If you’ve ever taken a machine learning course, you’ve likely come across the MNIST dataset. A collection of 70,000 grayscale images of handwritten digits ranging from 0 to 9. It’s often described as the “Hello, World” of computer vision.

Most tutorials show how to build models for this task using popular deep learning libraries like TensorFlow or PyTorch. These frameworks are powerful, but they abstract away so much of what’s happening under the hood.

In this project, I decided to strip away all the abstraction and build a neural network from scratch, using nothing but NumPy. No Keras. No scikit-learn. No high-level APIs. Just a raw, honest neural network implementation — layer by layer, function by function.

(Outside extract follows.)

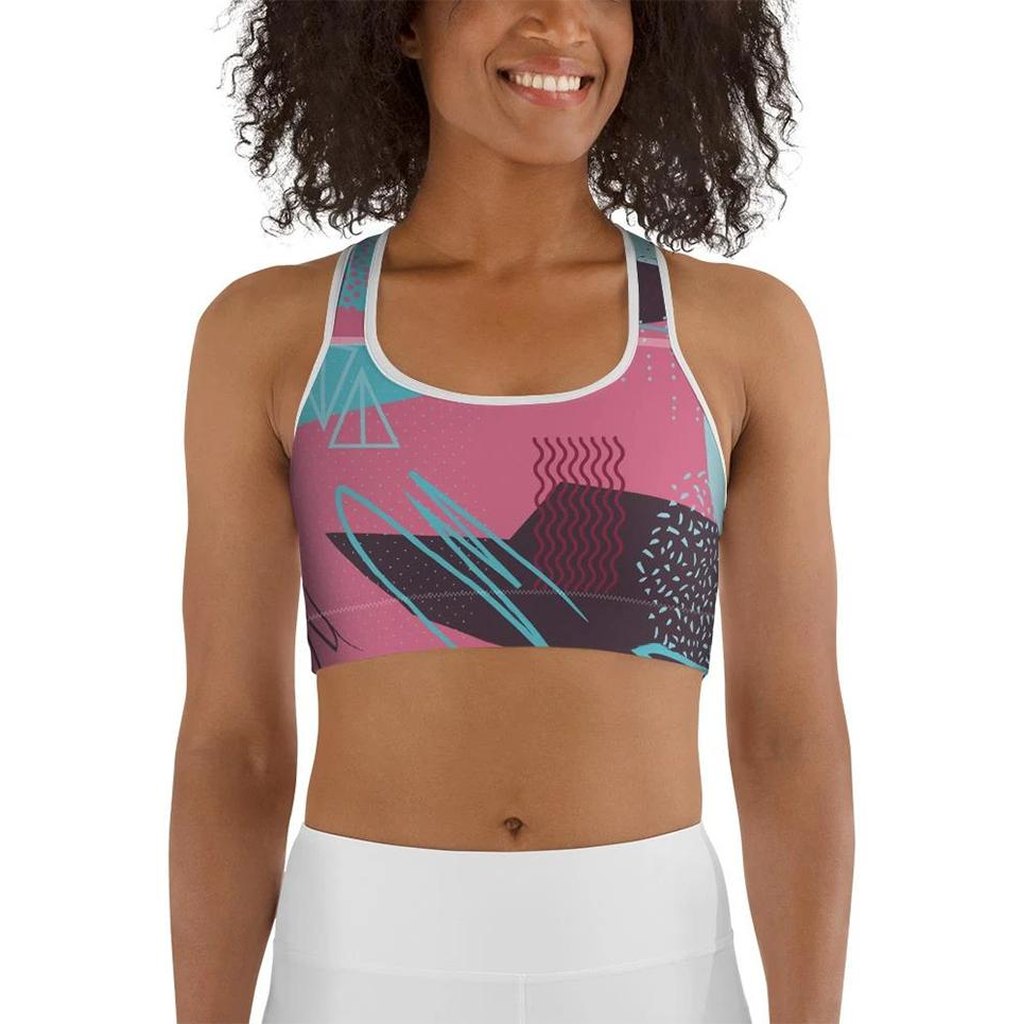 Abstract Print Sports Bra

The goal? To truly understand how neural networks work at the fundamental level, it is essential to grasp how images are processed, how neurons activate, how predictions are made, and how the model learns from mistakes.

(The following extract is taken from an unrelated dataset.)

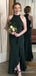 Mermaid Black Halter Side Slit  Long Evening Prom Dresses, Custom Prom Dress, BGS0136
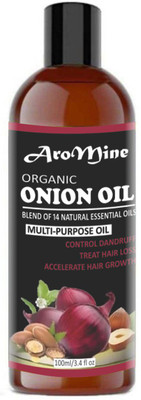 

AroMine 100% Pure & Natural ONION Herbal Hair Oil - Blend of 14 Natural Oils for Hair Regrowth, Treat hair loss, Dandruff Control & Thickens hair( 100 ml) Hair Oil (100 ml) Hair Oil(100 ml)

What is MNIST and Why Use It?

The MNIST dataset contains 70,000 images of handwritten digits:

  1. 60,000 for training and
  2. 10,000 for testing.

Each image is 28×28 pixels, in grayscale, and labeled with the correct digit (0–9). That means every image can be flattened into a 784-dimensional vector.

MNIST is simple enough to let us focus on core learning mechanics, but complex enough to make the results meaningful.

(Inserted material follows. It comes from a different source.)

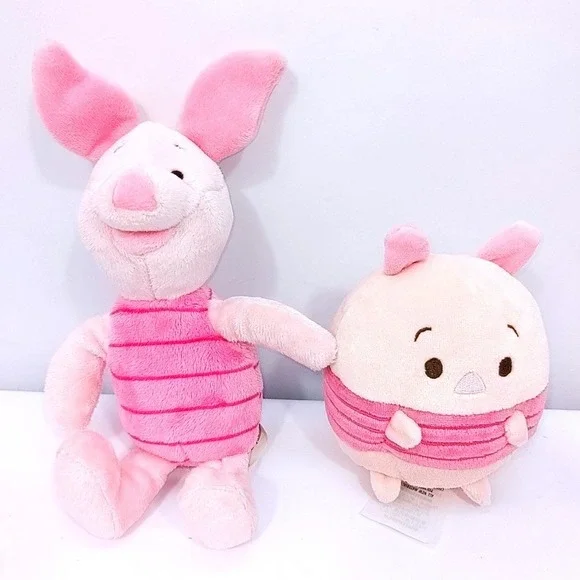 Disney Piglet Plush Lot Winnie the Pooh Tsum Tsum Stuffed Animal Toy Pink 2pc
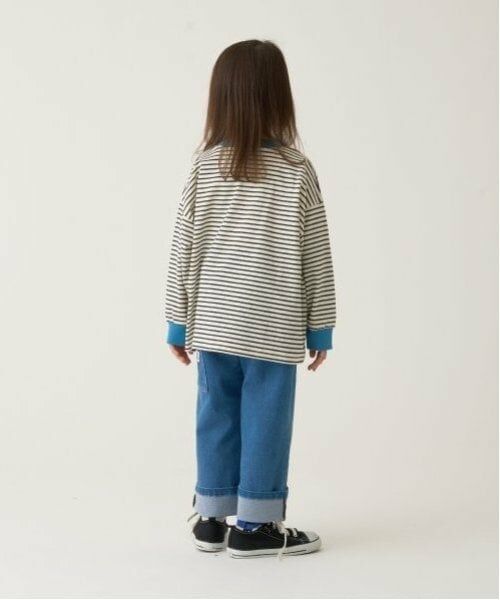 b・ROOM / ビールーム Tシャツ | 【型崩れしないやわらかコットン】プリントミジンボーダービッグシルエットTシャツ | 詳細8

To follow along with this guide, you can find the code implementation in a Jupyter notebook in this GitHub repo. Let’s start by loading and visualizing the data.

Step 1: Loading and Exploring the Dataset

We’ll use tensorflow.keras.datasets to load MNIST, just to avoid dealing with downloading and parsing files manually. This is the only exception we make for convenience.

Python
from tensorflow.keras.datasets import mnist

# Load MNIST dataset
(X_train, y_train), (X_test, y_test) = mnist.load_data()

This gives us:

  • X_train: 60,000 images of shape (28, 28)
  • y_train: corresponding labels (integers from 0–9)
  • X_test, y_test: the 10,000 test samples

Let’s visualize a few digits to get a feel for the data:

Python
plt.figure(figsize=(10, 2))
for i in range(10):
    plt.subplot(1, 10, i + 1)
    plt.imshow(X_train[i], cmap="gray")
    plt.title(str(y_train[i]))
    plt.axis("off")
plt.suptitle("Sample MNIST Digits")
plt.show()

You should see a row of familiar digits, perhaps a messy 5, a crisp 0, or a loopy 2. These are the raw inputs we’ll teach our neural network to recognize.

Mnist data sample

Step 2: Preprocessing the Data

Neural networks don’t work well with 2D image matrices or pixel values ranging from 0 to 255. Before feeding images into a neural network, we need to:

  1. Flatten the 28×28 images into 1D vectors (784 values).
  2. Normalize pixel values from [0, 255] to [0, 1] for stable training.
  3. One-hot encode labels (e.g., “3” → [0, 0, 0, 1, 0, 0, 0, 0, 0, 0]).

2.1 Flattening

We reshape each image from 28×28 pixels into a 784-length row vector:

Python
X_train_flat = X_train.reshape(X_train.shape[0], -1)
X_test_flat = X_test.reshape(X_test.shape[0], -1)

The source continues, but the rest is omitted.